Ölkonzern: OMV verkauft Gas-Beteiligung in Malaysia für rund 830 Millionen Euro
Wien. Der österreichische Öl-, Gas- und Chemiekonzern OMV verkauft für rund 830 Millionen Euro seinen Anteil an der malaysischen Sapura OMV an das französische Energieunternehmen Total Energies. Der Verkauf des 50-Prozent-Anteils werde voraussichtlich gegen Ende des ersten Halbjahrs 2024 vorbehaltlich der behördlichen Genehmigungen vollzogen sein, teilte die OMV am Mittwoch in Wien mit.
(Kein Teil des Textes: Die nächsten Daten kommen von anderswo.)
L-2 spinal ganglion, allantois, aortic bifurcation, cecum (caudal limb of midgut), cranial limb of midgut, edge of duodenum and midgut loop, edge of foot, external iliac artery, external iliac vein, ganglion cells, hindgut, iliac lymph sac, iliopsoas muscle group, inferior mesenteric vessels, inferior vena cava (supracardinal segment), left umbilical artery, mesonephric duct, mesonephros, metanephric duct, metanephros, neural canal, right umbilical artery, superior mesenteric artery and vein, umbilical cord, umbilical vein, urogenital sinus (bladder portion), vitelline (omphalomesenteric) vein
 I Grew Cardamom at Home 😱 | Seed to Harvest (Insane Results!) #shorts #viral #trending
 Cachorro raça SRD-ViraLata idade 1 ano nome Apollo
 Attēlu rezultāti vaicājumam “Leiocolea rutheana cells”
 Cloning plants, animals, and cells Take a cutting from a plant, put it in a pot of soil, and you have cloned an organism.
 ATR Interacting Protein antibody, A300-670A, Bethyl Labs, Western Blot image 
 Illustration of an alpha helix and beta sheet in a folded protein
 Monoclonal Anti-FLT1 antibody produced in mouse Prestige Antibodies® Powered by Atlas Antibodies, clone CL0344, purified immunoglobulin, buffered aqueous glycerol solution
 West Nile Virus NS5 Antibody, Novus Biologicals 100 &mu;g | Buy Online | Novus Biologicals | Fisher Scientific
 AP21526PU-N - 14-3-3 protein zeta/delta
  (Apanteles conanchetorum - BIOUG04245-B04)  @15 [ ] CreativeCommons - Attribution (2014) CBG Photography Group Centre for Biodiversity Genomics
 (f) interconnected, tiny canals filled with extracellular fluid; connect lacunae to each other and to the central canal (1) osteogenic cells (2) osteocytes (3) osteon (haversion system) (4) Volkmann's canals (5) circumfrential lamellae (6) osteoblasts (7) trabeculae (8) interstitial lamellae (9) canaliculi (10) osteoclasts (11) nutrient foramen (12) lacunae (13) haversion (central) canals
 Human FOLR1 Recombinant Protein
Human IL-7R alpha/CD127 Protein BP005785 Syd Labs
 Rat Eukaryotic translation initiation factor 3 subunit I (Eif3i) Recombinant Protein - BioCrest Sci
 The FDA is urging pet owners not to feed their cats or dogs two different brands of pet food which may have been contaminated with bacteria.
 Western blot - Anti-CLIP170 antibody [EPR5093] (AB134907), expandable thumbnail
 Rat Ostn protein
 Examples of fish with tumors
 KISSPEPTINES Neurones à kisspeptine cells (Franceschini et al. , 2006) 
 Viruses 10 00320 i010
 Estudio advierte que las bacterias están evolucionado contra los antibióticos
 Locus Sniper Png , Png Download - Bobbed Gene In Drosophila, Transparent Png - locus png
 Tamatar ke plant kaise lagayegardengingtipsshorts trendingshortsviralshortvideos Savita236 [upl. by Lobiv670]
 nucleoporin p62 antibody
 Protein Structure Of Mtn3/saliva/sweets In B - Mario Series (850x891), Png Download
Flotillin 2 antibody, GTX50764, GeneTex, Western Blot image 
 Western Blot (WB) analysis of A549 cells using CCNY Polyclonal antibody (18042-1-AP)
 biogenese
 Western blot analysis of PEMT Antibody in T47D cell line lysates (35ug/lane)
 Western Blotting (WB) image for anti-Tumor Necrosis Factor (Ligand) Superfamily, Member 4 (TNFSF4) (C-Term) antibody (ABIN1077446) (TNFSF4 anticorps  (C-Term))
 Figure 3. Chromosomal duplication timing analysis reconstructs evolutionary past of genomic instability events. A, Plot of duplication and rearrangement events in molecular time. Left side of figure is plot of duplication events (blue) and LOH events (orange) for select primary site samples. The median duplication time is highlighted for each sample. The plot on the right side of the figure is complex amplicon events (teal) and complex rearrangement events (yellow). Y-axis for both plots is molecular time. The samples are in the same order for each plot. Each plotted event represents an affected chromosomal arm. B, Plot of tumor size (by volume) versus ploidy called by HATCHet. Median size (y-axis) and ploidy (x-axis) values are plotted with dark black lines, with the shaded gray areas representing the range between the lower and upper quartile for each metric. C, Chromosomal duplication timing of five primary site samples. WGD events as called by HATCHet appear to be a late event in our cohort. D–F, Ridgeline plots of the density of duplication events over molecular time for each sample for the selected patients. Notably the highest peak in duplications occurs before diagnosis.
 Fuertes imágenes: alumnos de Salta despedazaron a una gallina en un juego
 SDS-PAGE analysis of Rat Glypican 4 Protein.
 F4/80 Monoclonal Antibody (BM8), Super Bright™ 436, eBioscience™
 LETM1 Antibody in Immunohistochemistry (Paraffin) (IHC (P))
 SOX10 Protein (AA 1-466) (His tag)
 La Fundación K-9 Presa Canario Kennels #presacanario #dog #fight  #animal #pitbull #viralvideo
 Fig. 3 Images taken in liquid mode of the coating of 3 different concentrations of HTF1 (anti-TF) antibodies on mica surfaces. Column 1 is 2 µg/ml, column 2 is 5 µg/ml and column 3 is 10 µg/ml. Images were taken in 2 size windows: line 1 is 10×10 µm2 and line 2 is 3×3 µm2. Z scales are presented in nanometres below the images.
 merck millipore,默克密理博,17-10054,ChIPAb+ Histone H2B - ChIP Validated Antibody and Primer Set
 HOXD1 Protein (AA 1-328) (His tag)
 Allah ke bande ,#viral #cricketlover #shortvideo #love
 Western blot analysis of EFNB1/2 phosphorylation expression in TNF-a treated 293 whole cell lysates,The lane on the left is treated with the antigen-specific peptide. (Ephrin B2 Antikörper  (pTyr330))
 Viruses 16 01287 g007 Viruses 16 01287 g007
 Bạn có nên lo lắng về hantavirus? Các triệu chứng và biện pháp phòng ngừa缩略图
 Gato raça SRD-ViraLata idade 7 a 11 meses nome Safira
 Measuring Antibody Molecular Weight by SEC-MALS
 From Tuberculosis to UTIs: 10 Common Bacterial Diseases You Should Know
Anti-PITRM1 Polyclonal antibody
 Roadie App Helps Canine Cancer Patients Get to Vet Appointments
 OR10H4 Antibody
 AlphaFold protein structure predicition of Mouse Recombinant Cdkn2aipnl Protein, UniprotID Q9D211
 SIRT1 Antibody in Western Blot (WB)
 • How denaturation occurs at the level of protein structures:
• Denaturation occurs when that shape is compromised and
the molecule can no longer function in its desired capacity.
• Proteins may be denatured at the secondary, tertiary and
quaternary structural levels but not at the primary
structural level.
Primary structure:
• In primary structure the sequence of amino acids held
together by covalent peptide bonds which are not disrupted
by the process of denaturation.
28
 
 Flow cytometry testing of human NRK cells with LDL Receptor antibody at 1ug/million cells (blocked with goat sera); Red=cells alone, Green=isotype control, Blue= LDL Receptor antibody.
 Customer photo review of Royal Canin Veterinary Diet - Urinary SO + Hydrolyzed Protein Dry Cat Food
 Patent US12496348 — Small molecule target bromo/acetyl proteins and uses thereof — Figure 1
„Diese Vereinbarung strafft unser Energieportfolio und steht im Einklang mit der OMV Strategie 2030, die Öl- und Gasproduktion über die Zeit zu reduzieren“, sagte OMV-Chef Alfred Stern.
Total Energies wiederum sieht mit dem Kauf seine Postion im Energiegeschäft in der Region deutlich gestärkt. „Mit ihren niedrigen Produktionskosten und der geringen Treibhausgasintensität werden die Anlagen von Sapura OMV perfekt in das Portfolio von Total Energies passen und dazu beitragen, den wachsenden Gasbedarf in Asien zu decken“, sagte Patrick Pouyanné, Vorstandsvorsitzender und CEO von Total Energies.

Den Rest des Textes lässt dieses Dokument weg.